All these contrasts make “Wild Diamond” a truly magnificent portrait of rare precision and endearing complexity. Played by a dazzling non-professional actress by the name of Malou Khebizi, Liane is a woman of deep, honest eyes. Although she’s indifferent to almost everything around her apart from her social networks, she leaves no one indifferent and creates an image for herself that she maintains through sacrifice and injury.

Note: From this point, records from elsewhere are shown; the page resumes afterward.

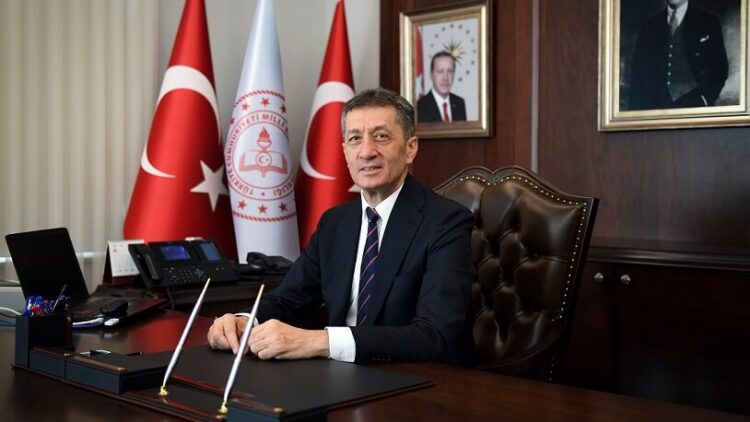 Eski bakan Ziya Selçuk’tan gece yarısı dikkat çeken mesaj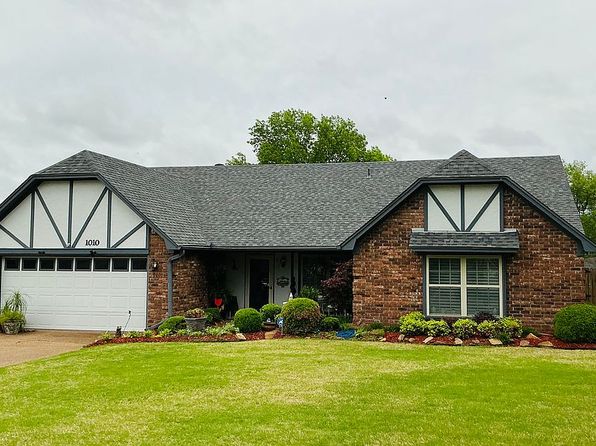 1010 Fir Dr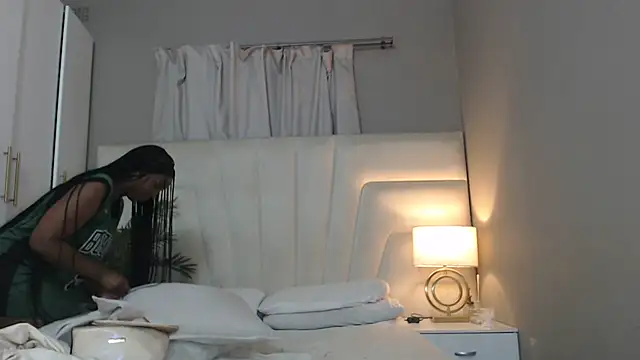 Snapshot of naughtyblackdolie chatting on October 25, 2025, 10:21 pm naughtyblackdolie online show from October 25, 2025, 10:21 pm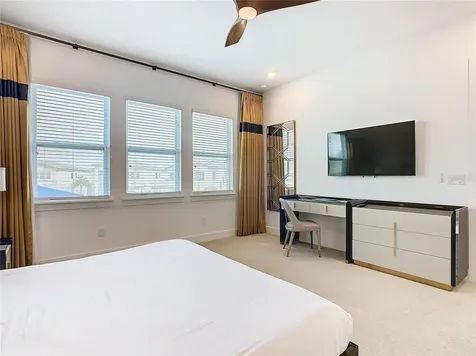 2125 Pine Oak Loop Davenport FL 33837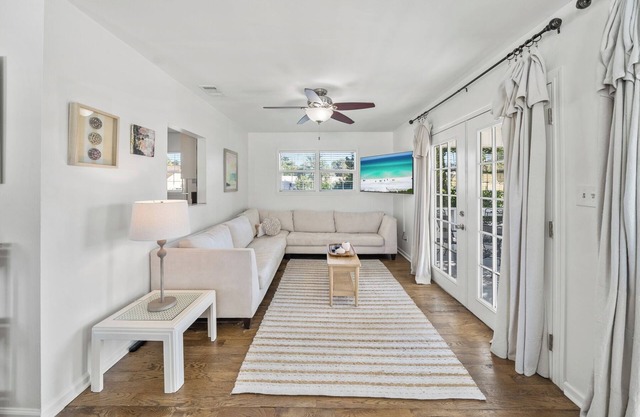 2 Bed Dog Friendly House in Laguna Beach by Thomas Donut & Carousel w/Golf Cart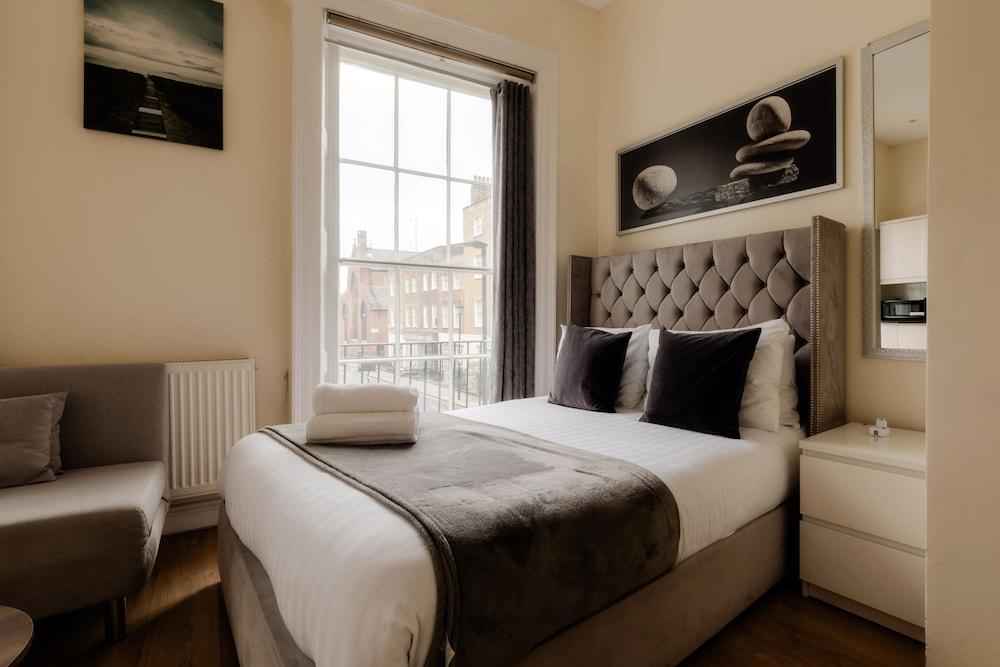 Gloucester Place Studios Room Type - Apartment, Private Bathroom (5)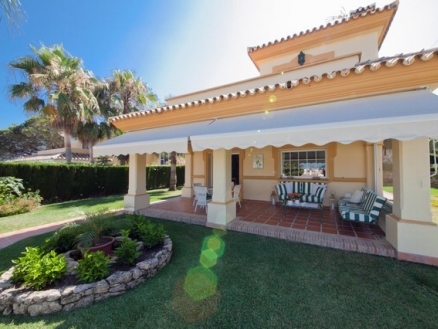 Villa for sale in town, Spain 214718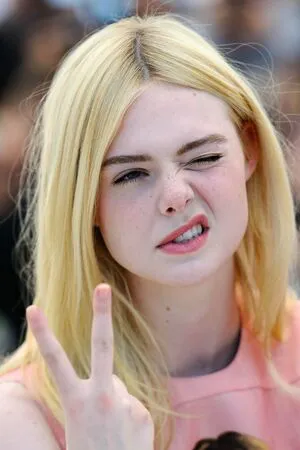 Elle Fanning OnlyFans Leaked Free Thumbnail Picture - #HluBucCStz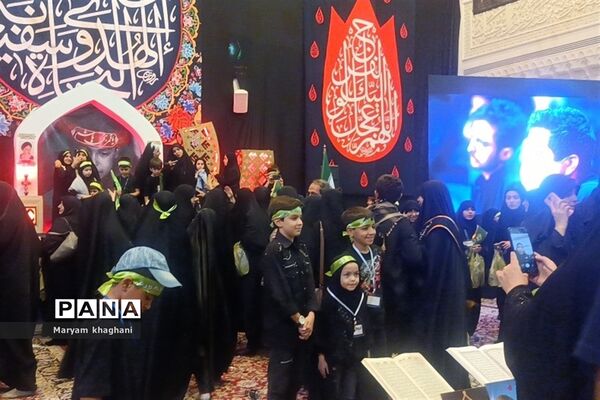 اجتماع  و عزاداری سربازان ظهور امام زمان(عج) در حرم مطهر احمد ابن موسی (ع)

After all, Liane wants to become powerful and show that she really is. She crushes everything that might stand in her way, and crushes herself, shaping the face and body she tries to make perfect and ignoring her pains, fears and demons. She’s a believer who prays to God to transcend her harsh reality and become an absolute model, even if it means forgetting her principles or other pleasures such as those she shares with her little sister Alicia (Ashley Romano) or the equally passionate Dino (Idir Azougli) – who, along with her plastic surgeon, is one of the only men in her life.
Shot in 4:3 aspect ratio, which leaves a good deal of off-screen space while focusing on a Liane to be adored as much as hated – but to be stared at – the film’s lighting and colors highlight its beautiful heroine’s strengths and weaknesses, like a religious icon. The score, often deliberately saturated and/or filled with silences, also contrasts with the contemplation provided by the regularly vibrating cello. Finally, the dialogues are as much punchlines as extremely heavy sentences, just like Liane, this unique, multi-faceted woman who, when we discover her in a little more depth, shows herself to be even more radiant. All in all, “Wild Diamond” is a feature that lives up to its name: a real gem we won’t get tired of watching.